Data below —

§

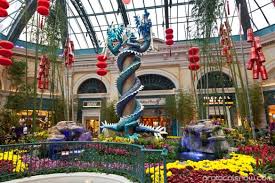 Chinese New Year Decorations In Las Vegas Chinese New Year Decorations New Years Decorations Chinese New Year Dragon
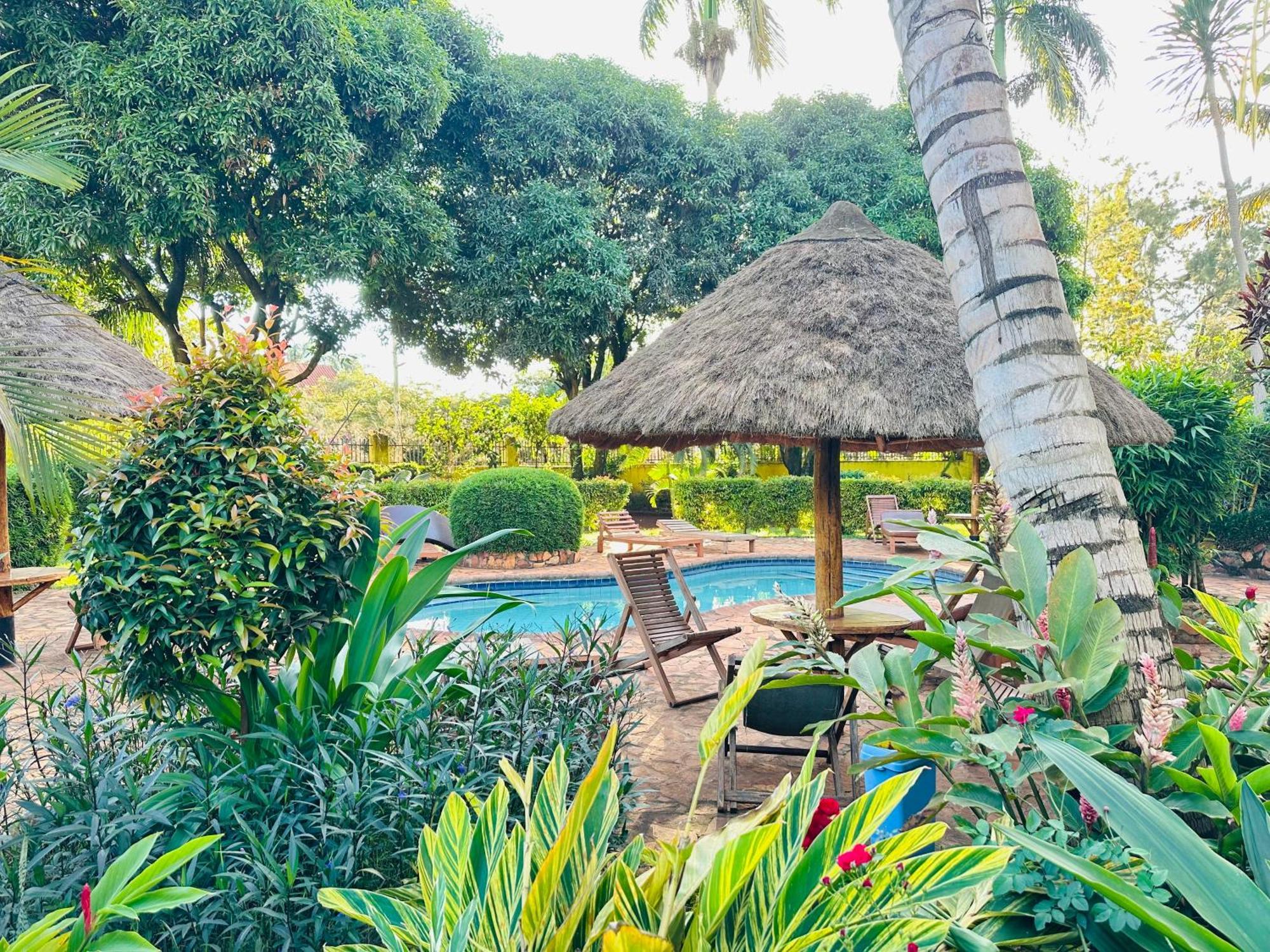 Afro Smile Hotel & Guest House Jinja Ngoại thất bức ảnh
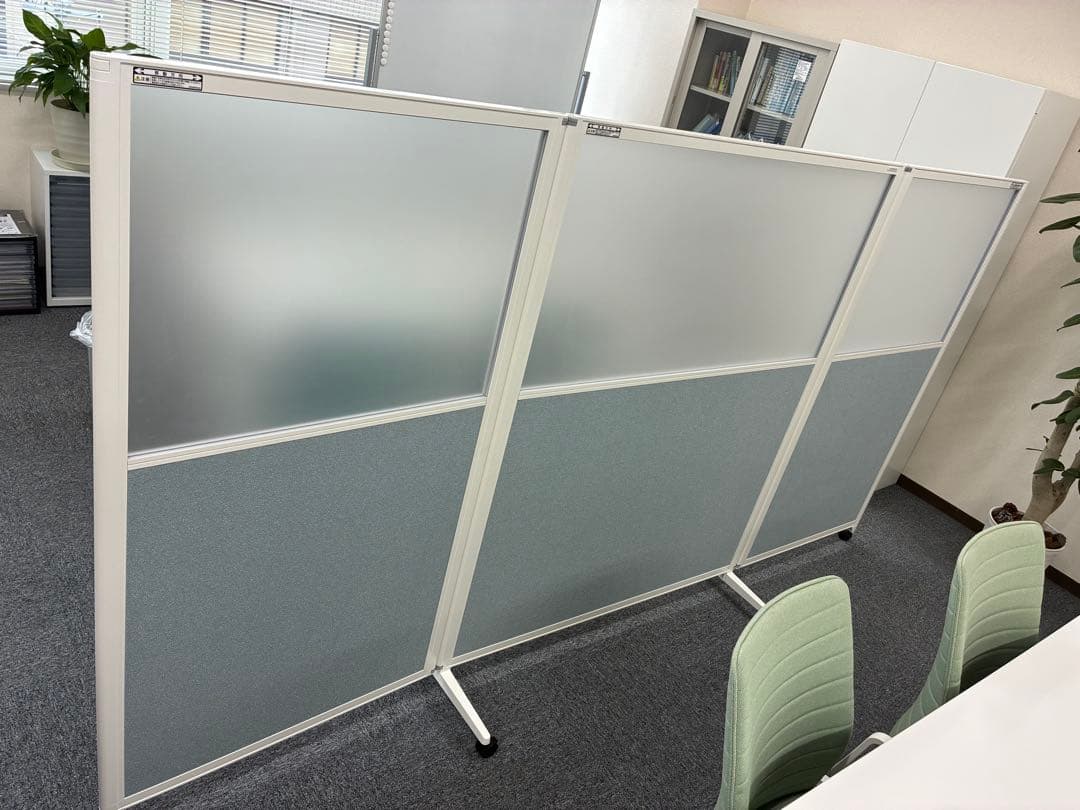 オカムラ オフィスパーテーション セージ&ホワイト　送料込み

§

Task brief — Restate the data above word for word, so that the only difference is the missing pictures.

Reply —
 Chinese New Year Decorations In Las Vegas Chinese New Year Decorations New Years Decorations Chinese New Year Dragon
 Afro Smile Hotel & Guest House Jinja Ngoại thất bức ảnh
 オカムラ オフィスパーテーション セージ&ホワイト　送料込み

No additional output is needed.